Evidence and argument in policymaking: development of workplace smoking legislation
1 Department of Clinical Pharmacy, University of California, San Francisco, 3333 California Street, Suite 420, San Francisco, CA 94143-0613, USA
2 Institute for Health Policy Studies, University of California, San Francisco, 3333 California Street, Suite 420, San Francisco, CA 94143-0613, USA
BMC Public Health 2009, 9:189 doi:10.1186/1471-2458-9-189Published: 17 June 2009
We sought to identify factors that affect the passage of public health legislation by examining the use of arguments, particularly arguments presenting research evidence, in legislative debates regarding workplace smoking restrictions.
We conducted a case-study based content analysis of legislative materials used in the development of six state workplace smoking laws, including written and spoken testimony and the text of proposed and passed bills and amendments. We coded testimony given before legislators for arguments used, and identified the institutional affiliations of presenters and their position on the legislation. We compared patterns in the arguments made in testimony to the relative strength of each state's final legislation.

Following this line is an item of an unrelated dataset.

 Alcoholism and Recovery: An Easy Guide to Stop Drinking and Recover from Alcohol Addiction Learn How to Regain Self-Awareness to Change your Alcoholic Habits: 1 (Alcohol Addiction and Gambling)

Greater discussion of scientific evidence within testimony given was associated with the passage of workplace smoking legislation that provided greater protection for public health, regardless of whether supporters outnumbered opponents or vice versa.
Our findings suggest that an emphasis on scientific discourse, relative to other arguments made in legislative testimony, might help produce political outcomes that favor public health.